As promised, I will keep you up-to-date on my choral duties since I have been accepted as a substitute member for Pro Coro! It's my first brush with a professional group, and in this case, I mean professional in the sense that I will be paid. This is a new experience for me!
The first surprise came in the mail a few days ago: my contract! I eagerly opened it and the first thing I saw was my name and "the Artist" in brackets after it. Wow, I've never thought of myself as an "Artist" before! I know it's probably just another generic arts term but it was a term I have never seen attached to my name. It was scary but cool to see that term printed next to my name! After that initial shock wore off, it was just strange having a contract. It outlined various things I would normally do anyway if I was in a choir---showing up for performances, not being late for rehearsal, learning the music etc. but it just made it so much more real to see all those terms written down. The main thing that made my heart panic was the fact that I would need to provide my own uniform. A long sleeved floor length black velvet gown. Where the heck would I obtain something like that!?!?!
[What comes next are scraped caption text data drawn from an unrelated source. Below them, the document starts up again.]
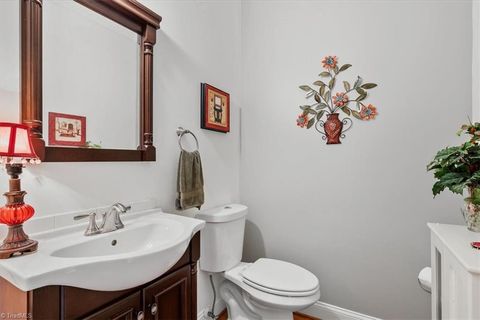 A home in Greensboro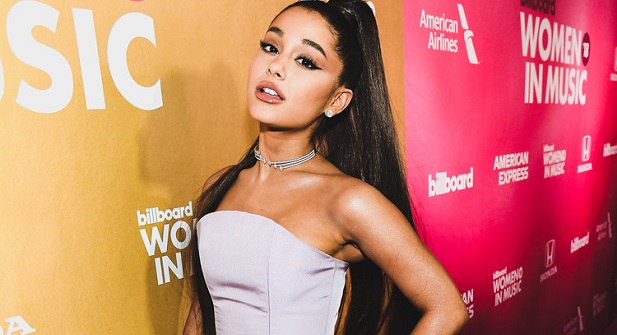 Ariana Grande New Single 'Monopoly' Has Fans Thinking She's Bisexual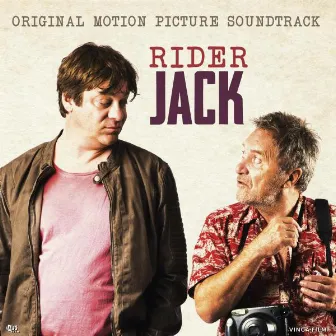 Rider Jack (Original Motion Picture Soundtrack) by Christian Schlumpf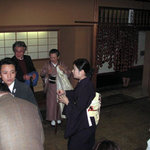 高麗橋 吉兆 - 女将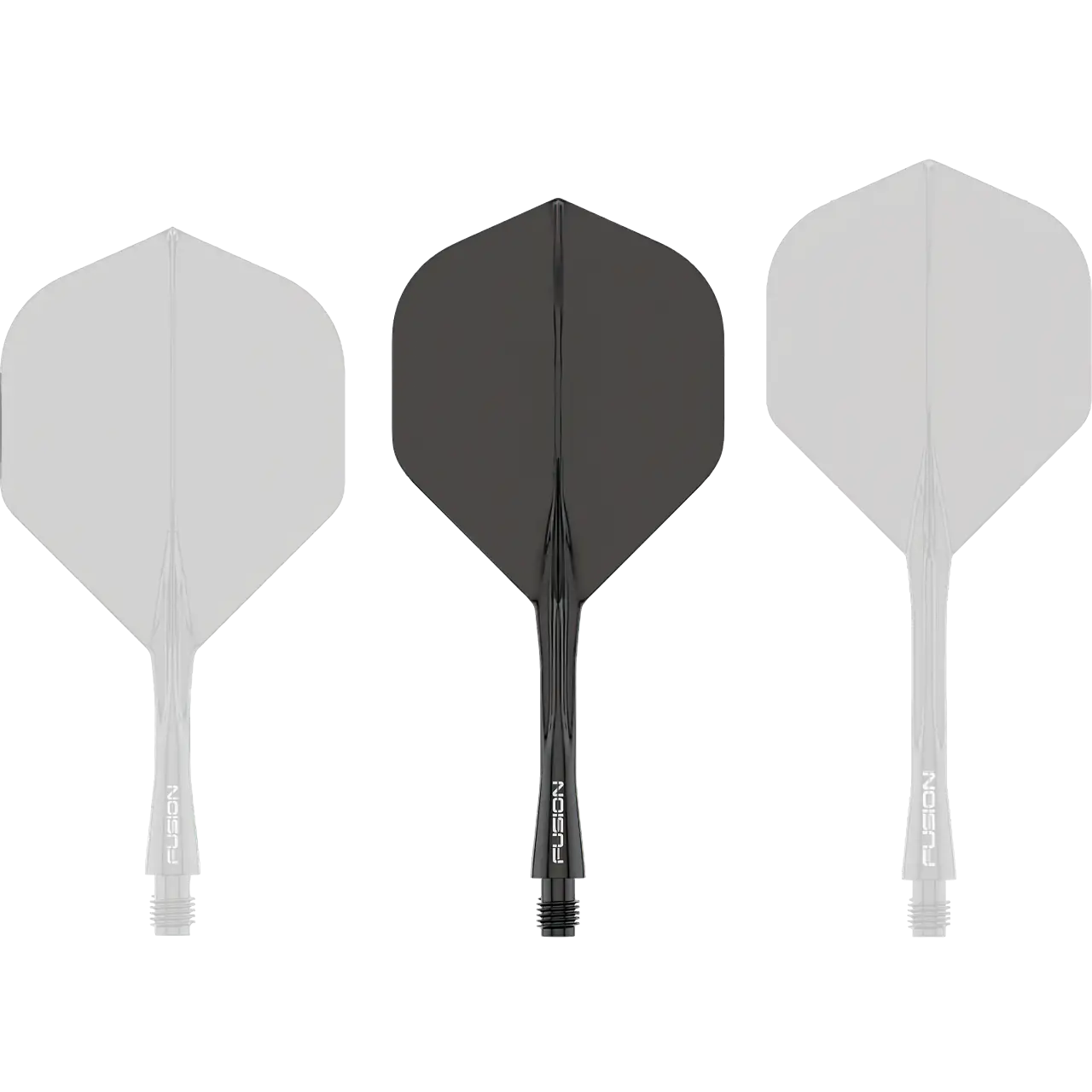 Hedfan a Siafft Integredig Fusion Du | Winmau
I wasn't about to go out spend $100s of dollars for an American choir uniform company to ship me some generic dress that I would have to hem myself anyway! Who knows how many concerts I will be singing at! Maybe this would be my first and last concert with them. It just doesn't make sense to make that kind of investment now. Where would I find a black velvet gown? I have to say, velvet is something not readily stocked in mainstream stores. Maybe I could try a thrift store? an mature lady's store at the mall? I was low on ideas. No matter what, I would need to start hunting. I googled to the far recesses of the internet abyss and came up with a few options but I was resistant to order them even after measuring myself numerous times with a tape measure and looking at individual sizing guides. I cursed the fact that my measurements didn't clearly fall into a specific category. I had a waist measurements for one size but the hip measurements for a completely different size. Oh, the woes of acquiring a uniform! I've gotten use to the luxury of having uniforms provided for me where all I would need to do is pay a rental fee. I called my mother explaining my predicament in an exasperated tone. In order to placate me she said that it wouldn't be that hard to make and that we could just buy some cheap Halloween costume type velvet and she could sew one. Essentially, it would end up looking like a tube with sleeves. Yay! I would not be on the stage naked! Thanks Mom!
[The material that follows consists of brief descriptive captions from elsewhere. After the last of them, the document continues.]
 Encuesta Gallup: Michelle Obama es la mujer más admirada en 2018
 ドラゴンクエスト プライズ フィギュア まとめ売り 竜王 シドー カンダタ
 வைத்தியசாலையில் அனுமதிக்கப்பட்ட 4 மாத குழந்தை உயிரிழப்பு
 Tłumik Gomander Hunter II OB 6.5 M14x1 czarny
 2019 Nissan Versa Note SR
However, as a back-up, I also defaulted to an extremely handy tool: Twitter. I posted a message inquiring whether anybody had any ideas of where I could find a velvet gown. After a teasing reply from my sister asking me if the dress was in an effort to realize my dream of becoming a nun, I was delighted to get a response back from my friend Christina. She asked me if I would be interested in a velvet tent. I was slightly confused by the message and started to imagine a velvet dress with scoopy draping. When I did see her in person where she explained the fit of the dress and how it was made for her (for another choir she was in)... I began to have hope. It sounded like a dress that was specifically designed to be a uniform! We are roughly the same height, I'm a tad bit shorter and she says the dress is very forgiving fit-wise. She confessed that since the fabric is so stretchy she even wore a snowsuit under it one year when she had to carol outside in it. She promised to bring it for me the next day. She wanted me to try it right away so I put it on while at a Starbucks to see the fit. Also, I didn't go into the bathroom. I just put it on over my leather jacket and jeans. Christina and another friend dissolved into hysterical laughter---watching me wiggle my way into the dress while out in public. It actually fit pretty well! I required some help taking it off since it was sticking to my jacket so I had to raise my hands and get Christina to peel it off of me. Good times!
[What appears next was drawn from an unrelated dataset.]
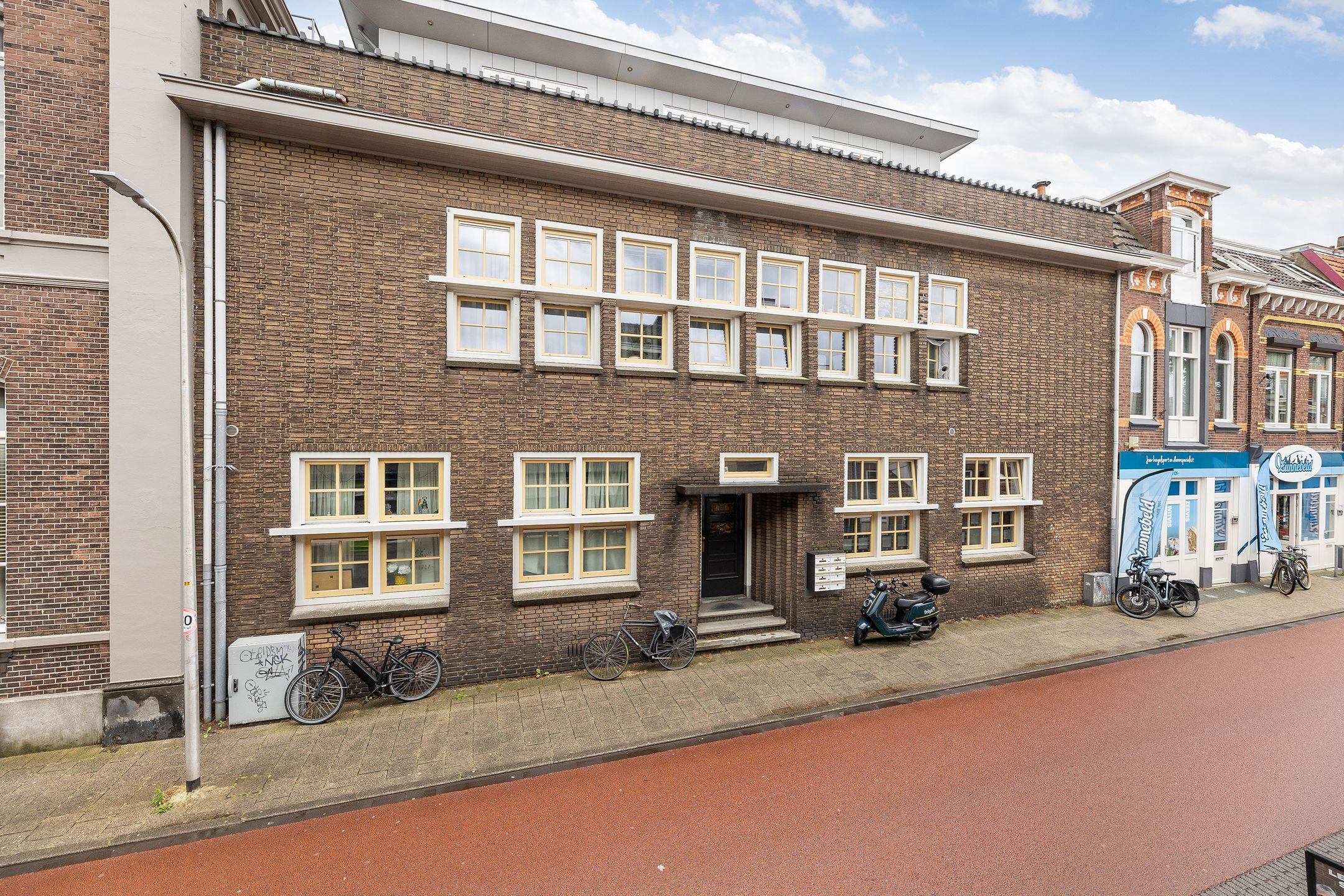 Van Karnebeekstraat 69-F 69 F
Upon arriving home, my mom was relieved to see that I had found another option. She looked at the dress and said the velvet is a lot nicer than the cheaper costume velvet we had in mind. I was glad to have another thing off my mind since the last thing I need to do is run around searching for a velvet gown.
The next thing will be learning the music for the Pro Coro! I just picked it up today so I will update you on my progress while I learn it!
Until next time, take care!
Congratulations! I look forward to reading about your experiences.
Thanks! I'll definitely keep you posted!
Also, did you end up auditioning for that choir you mentioned in a previous comment post?
Well, I was going to chicken out and wait until next year, but after I read your post tonight I was inspired and I finally sent in the inquiry form.
Here's the choir I'm going for:
Schola Cantorum on Hudson
And thanks for remembering me and my previous comments!
I'm glad you submitted an inquiry! Sometimes all we need it a bit of nudge to convince us to go ahead. I definitely needed one as well! I'm a strong believer that nothing bad can come out of an audition. You've really got nothing to lose. Maybe some lost time and a slightly bruised ego, if things take a turn for the worse, but it's totally worth it if you just take the risk to come out of your musical comfort zone. Even if you somehow don't manage to get in, it's the same as if you didn't try out at all. Plus, you'll always learn something from the experience, even if it's just knowing what to expect from a more formal audition.
Keep me posted on your progress and best of luck!
Woah, Sable! You even have a "guest blogger"?!